Importantly, this documentation MUST receive the roxygen tag
@keywords resource
, so that the documentation will be identified as a
resource. Also, add the bare name of the resource as the @name
tag
(e.g. in the case of our example that translates to @name nasa_srtm
).
#' Short title #' #' One or more description paragraphs might follow here. Please describe #' the spatio-temporal structure of your resource here briefly. #' #' @name <the short name of your resource> #' @param <any user-facing arguments> #' @keywords resource <identifies the documentation as a resource> #' @references <ideally a citable scientific publication> #' @source <a link in the \url{} tag linking to an online documentation> #' @returns A function that makes a resource available for a portfolio #' @include register.R #' @export
The last two tags are important to add as well. The include statement is mandatory for the register functionality (more on that below) to be loaded before your resource function. The export tag is important so that the resource is actually exposed to the users of the package.
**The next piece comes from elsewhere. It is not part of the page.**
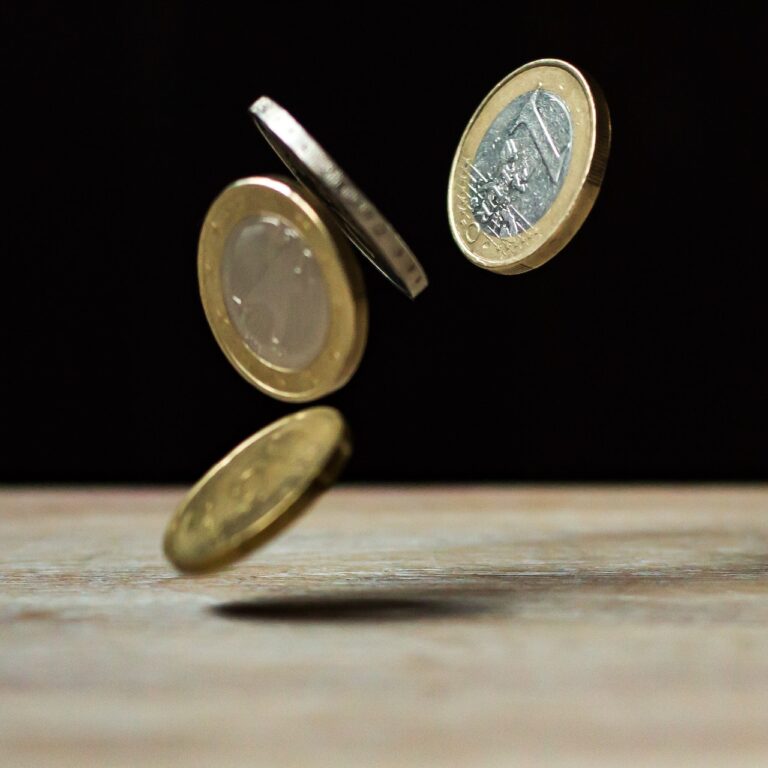هل سيؤدي إفلاس شركة DCG إلى إنهيار أخر كبير في سوق العملات الرقمية؟ 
Resource functions are constructed as closures, i.e. functions that return a function. The outer level exposes arguments to be set by users of the function to fine-control the flow of the function. Note, it is important to check the user input in this outer level for correctness so that warning/error messages in case of any miss specifications are thrown immediately.
For nasa_srtm
, this outer level does not look really exciting because
there are no user-facing arguments to be checked (we will see how to
check user-facing arguments when constructing the indicator below):
get_nasa_srtm <- function() { # .... inner function level }
Note, that there are some exported helper functions for re-occurring
argument checks that you are free to use (e.g. check_available_years()
in case you query the user for a temporal time frame). The arguments
defined in the outer level of the resource function are then ready to be
used in the inner level, that we will have a look at next.
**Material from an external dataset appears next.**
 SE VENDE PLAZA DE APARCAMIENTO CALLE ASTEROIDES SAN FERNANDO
The inner level of a resource function has a mandatory function
signature that will be checked during run-time. Your function is
required to exactly specify the below signature. For the nasa_srtm
resource, this looks like this:
function(x, name = "nasa_srtm", type = "raster", outdir = mapme_options()[["outdir"]], verbose = mapme_options()[["verbose"]]) { # ... function body }
The x
argument here represents the portfolio object handed over by the
user when calling get_resources()
which is an sf
-object and can thus
be used to derive the spatial extent of the portfolio. Next, comes the
name and the type of the resource which is required for the backend to
correctly handle the output and log the resource once it has been made
available.
The other arguments should default to the their respective output values
of mapme_options()
and represent a character vector for the output
directory, a logical to control the verbosity. Note, that the output
directory might be NULL
in case a user wishes to access data directly
from a remote source. We will look into how these things come together
now as we peak into constructing the actual body of a resource function.
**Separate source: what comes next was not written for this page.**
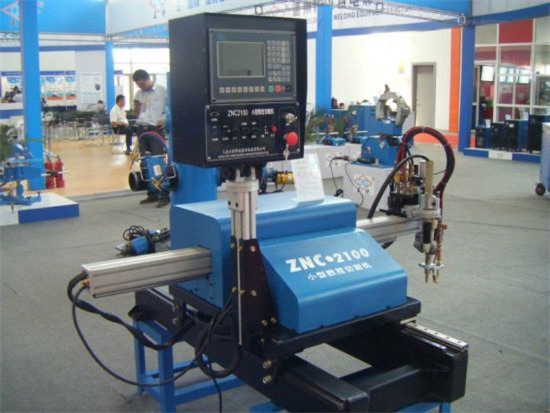 CNC或非CNC和工程師可在海外維修機械售後服務提供CNC ROUTER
The expected output of a resource function is an sf
-object with
geometries representing the bounding box for single resource elements
(e.g. tiles in case of a raster resource). We provide you with
functionality to seamlessly produce such a footprint object via
make_footprints()
. Note, this function either excepts a character
vector to GDAL readable data sources or an sf
object. In case you
provide a character vector, the bounding box information will be
retrieved automatically. This comes with a performance penalty for
remote sources, because each file has to be opened once, so always opt
for constructing an sf
object in the resource function, if feasible.
The footprints sf
object is expected to contain a column called
source
that points to a GDAL readable data source and the geometries
to correspond to the bounding box of each single resource element. You
might opt to supply a filename
argument to make_footprints()
. This
defaults to basename(srcs[["source]])
, so you might supply a better
suited filename, i.e. in the case the source location ends with an API
key value, or similar.
Next to specifying if the the resource you wish to turn into a footprint
object represents a raster or vector resource, you can specify opening
and creation options. Opening options are relevant if opening a remote
source requires location or driver dependent options (e.g. specifying
non-standard columns names for longitude/latitude with the CSV driver).
Creation options are relevant if a user specified a outdir
argument
and and refer to the arguments used by
gdal_translate
. These
should specifically specify data type and compression algorithms for
raster resources, but you are otherwise free to optimize the data layout
for efficient access.
Both oo
and co
can be specified as a single character vector, in
which case the same options are applied to all elements of a resource,
or as a list in order to accommodate file specific options.
Use the verbose
argument to decide if informative messages should be
printed, e.g. to inform users about download progress. Errors or
warnings should be emitted in either case.
If there is no intersection between the x
object and your resource,
make sure to return NULL
as early as possible.
We ask you to provide a small subset of your resource to
inst/res/resource_name
so that indicators that depend on the resource
can be tested without the need to actual download the resource.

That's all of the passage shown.